## What to do
Your answer must be the exact lines from the one with "Cadel Baggy 7 — vue 5, visuel fabricant" to the end of the data, both included, with no pictures.

Supplied material Start Marker

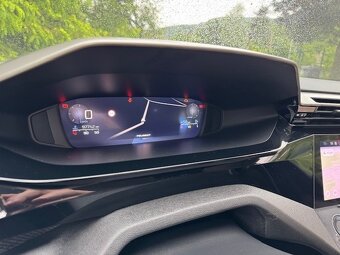 Nutně Peugeot 308 1.5 BlueHDi 2023 - 8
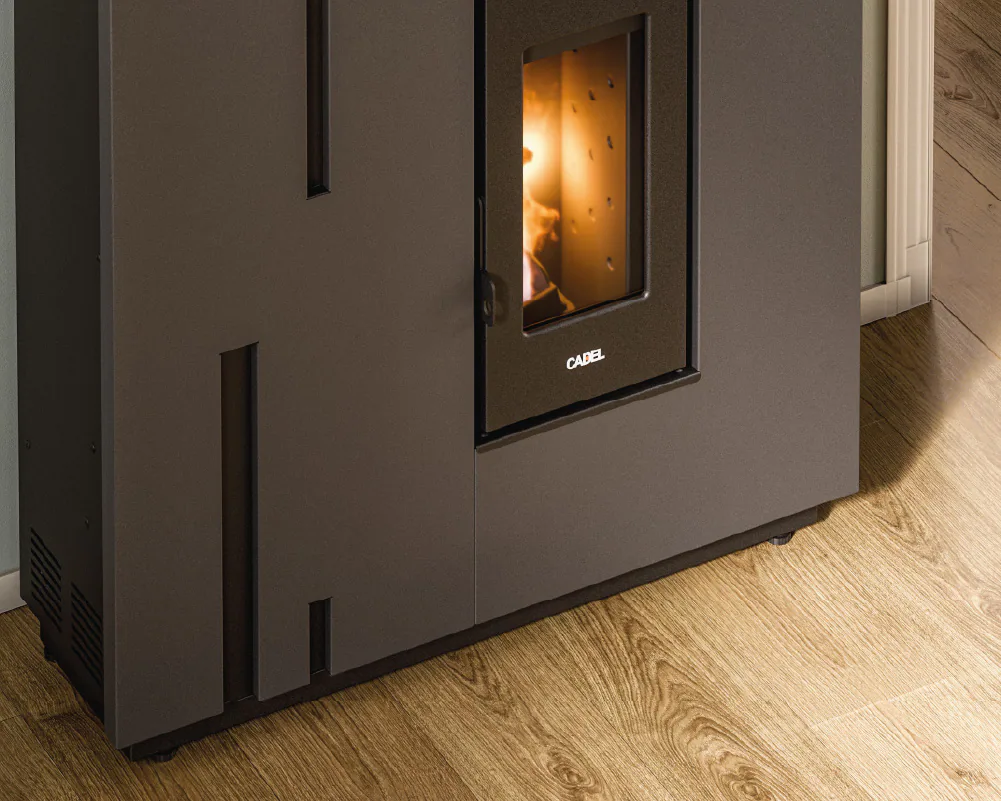 Cadel Baggy 7 — vue 5, visuel fabricant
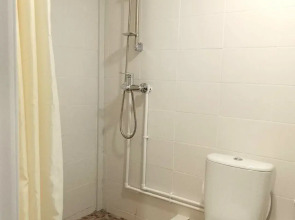 Апартаменты Лайм с видом на Кремль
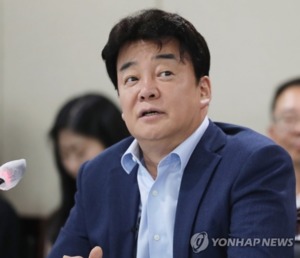 "공무원들 날 죽이고 싶을 것"…백종원, 예산시장 소회 발언?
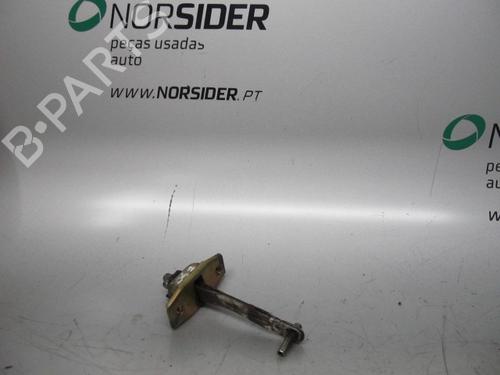 Used Hinge/Door check strap TOYOTA COROLLA FX Compact (E8B) 1.3 (EE80_, EE80) (75 hp) 19187384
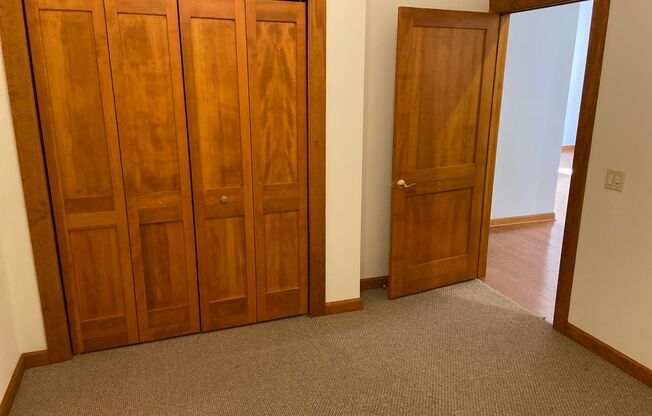 Pine Street Lofts - Residential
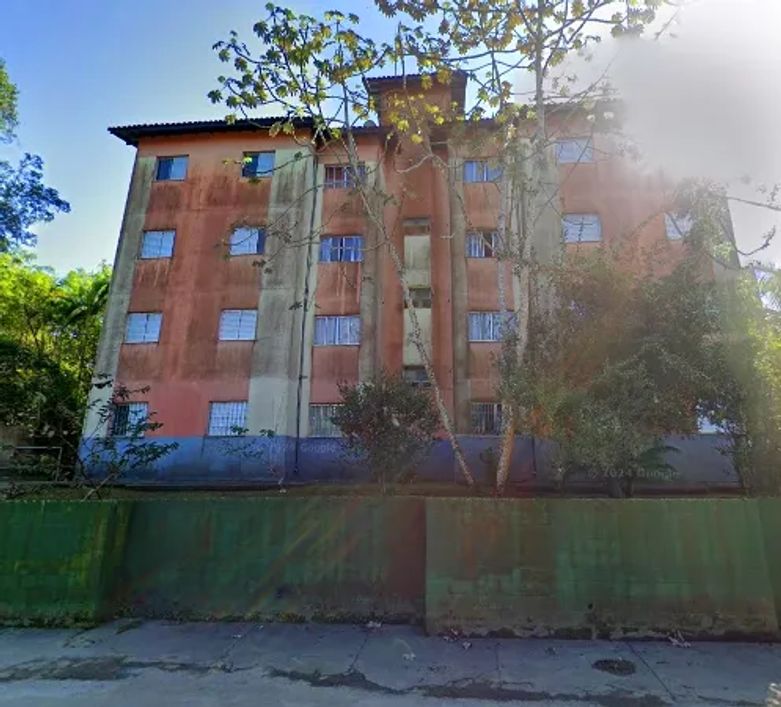 Imóvel para venda tem 54 metros quadrados com 2 quartos em Jardim Umuarama - Itanhaém - SP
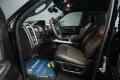 Dodge RAM 5.7 V8 HEMI 4x4 OFFROAD Night HarleyDavidson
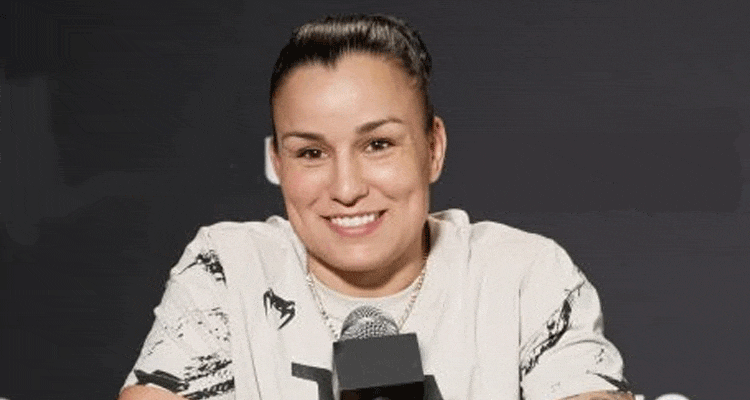 Is Raquel Pennington Lesbian? Orientation And Sexuality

Supplied material End Marker

## Solution to this problem
 Cadel Baggy 7 — vue 5, visuel fabricant
 Апартаменты Лайм с видом на Кремль
 "공무원들 날 죽이고 싶을 것"…백종원, 예산시장 소회 발언?
 Used Hinge/Door check strap TOYOTA COROLLA FX Compact (E8B) 1.3 (EE80_, EE80) (75 hp) 19187384
 Pine Street Lofts - Residential
 Imóvel para venda tem 54 metros quadrados com 2 quartos em Jardim Umuarama - Itanhaém - SP
 Dodge RAM 5.7 V8 HEMI 4x4 OFFROAD Night HarleyDavidson
 Is Raquel Pennington Lesbian? Orientation And Sexuality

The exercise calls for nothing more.